As humans, we tend to express our emotions or feelings through facial expressions or through sign language or through speaking, here we are basing our concept paper on speech emotion re
i need a industrial review, complete draft paper and final paper for the project by 5th december. the data sets is in the link in that document.
ADTA 5940: CAPSTONE OCT-09-2022 Venkata Sai Palivela, Manideep Janjala, Vamsi Krishna Reddy Gujjula Capstone_Group1
1
CONCEPT PAPER
Speech Emotion Recognition
Introduction:
As humans, we tend to express our emotions or feelings through facial expressions or through
sign language or through speaking, here we are basing our concept paper on speech emotion
recognition, and we may know what pitch or tone of the words can represent certain emotions
figuratively. With more and more AI models coming in to picture these days, The usage and
implementation of these models simultaneously arouse. With this type of classification and
predictions, it can pave a path for upcoming models to be more focused on recognizing the
emotions through voice command, Using AI has become a daily routine beginning from the
morning to evening we will be using AI for calling, texting, navigation, news, playing songs, playing
updates, reading out an article and much more.

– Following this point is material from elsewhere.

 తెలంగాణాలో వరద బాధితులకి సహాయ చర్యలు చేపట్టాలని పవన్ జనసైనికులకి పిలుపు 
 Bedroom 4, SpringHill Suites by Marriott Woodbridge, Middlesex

With this much of advancement tables have been
turned around in recognizing the emotions of the user, as this can help the users better in
understanding their daily needs, understanding the tone of the speaker, emotions and can better
interact with them in gaining thorough insights and make significant changes accordingly, by
playing songs relating to situation or playing videos based on the current mood or showing
relevant places nearby and much more, this is being a new start from past years and we are
basing this as our theme to our final capstone project.
ADTA 5940: CAPSTONE OCT-09-2022 Venkata Sai Palivela, Manideep Janjala, Vamsi Krishna Reddy Gujjula Capstone_Group1
2
Initial Analysis of the Dataset:
Here we are using audio dataset which is retrieved from “TORONTO EMOTION SPEECH SET
(TESS)” collection which is available at
https://tspace.library.utoronto.ca/handle/1807/24487
The data was created in 2010 by University of Toronto, Psychology Department, and the authors
include: Kate Dupuis, M. Kathleen Pichora-Fuller and this collection of datasets is published under
Creative Commons license Attribution-NonCommercial-NoDerivatives 4.0 International.

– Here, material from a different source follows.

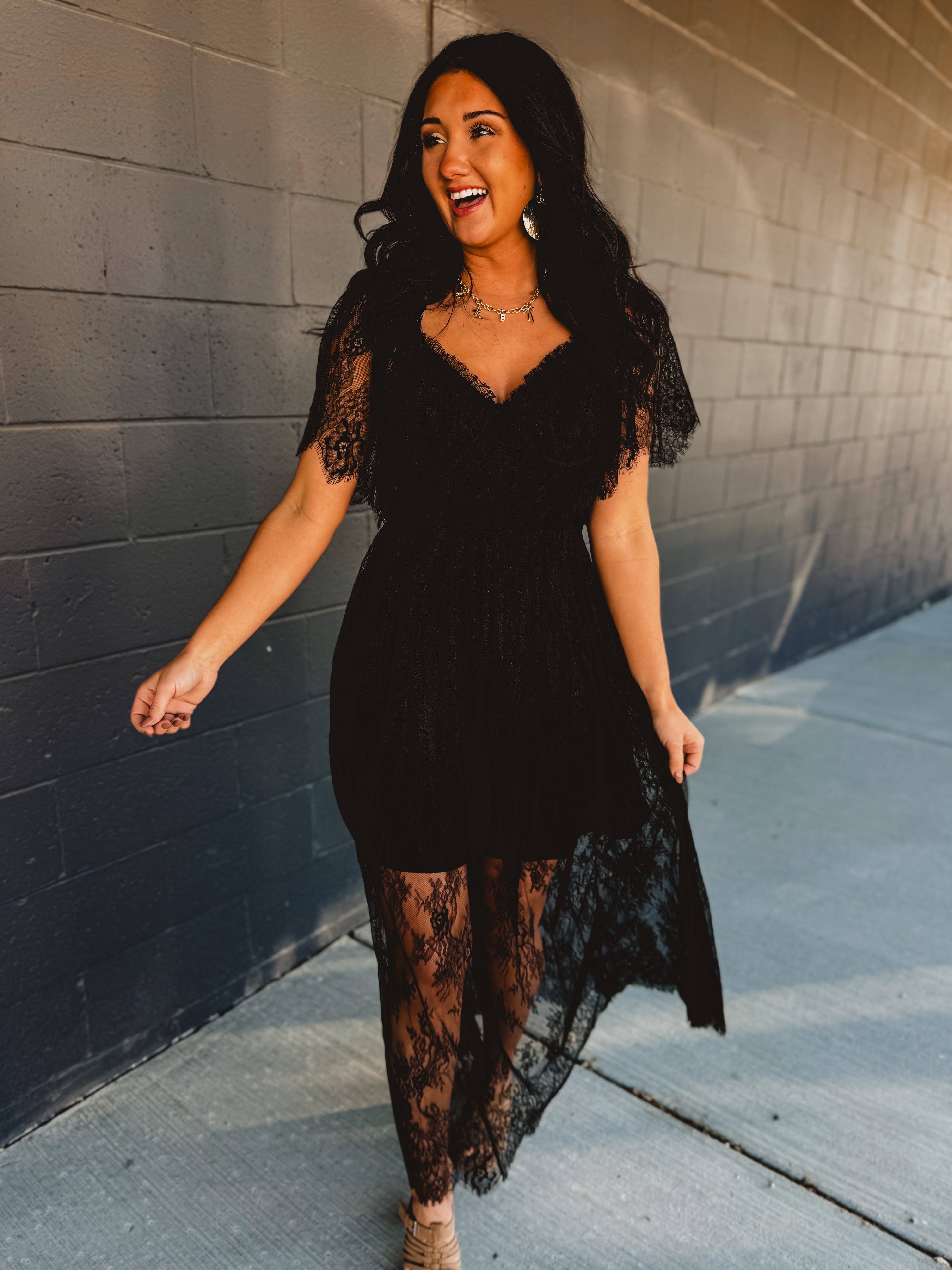 Floral Lace Overlay Maxi Dress - Black Medium Floral Lace Overlay Maxi Dress - Black Medium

This dataset is capturing 7 emotions in audio files as a part of dataset which includes: Happy, Sad,
Fear, Angry, Disgust, Pleasant Surprise and Neutral, there are total 200 target words in the
dataset relating to these 7 emotions which are spoken by two actresses aged 26 and 64 and there
are 2800 stimuli (Audio Files) in total.
Objective:
Our project is based on a classification model which can help us analyze the emotion of speech
through the acquired audio files and predict the state of emotion respectively according to the
7 main emotions as we discussed above (Happy, Sad, Fear, Angry, Disgust, Pleasant Surprise
and Neutral).
Our objective of this project is to predict the state of emotions through the voice signatures,
audio files, and identifying human emotions based on the respective gender.
ADTA 5940: CAPSTONE OCT-09-2022 Venkata Sai Palivela, Manideep Janjala, Vamsi Krishna Reddy Gujjula Capstone_Group1
3
Work Plan:
Firstly, we will be starting with exploration of data, also find speech signature for each kind of
emotion and will try to compare both (Speech Signature, Different kind of emotions) to monitor
any significant difference and then we will be extracting features from the audio files which we
can categorize them as training data for our model and thereafter we will test and validate our
model to check for accuracy. Then we will finally use the model to predict the state of emotion
with training and testing data for both respective genders voice.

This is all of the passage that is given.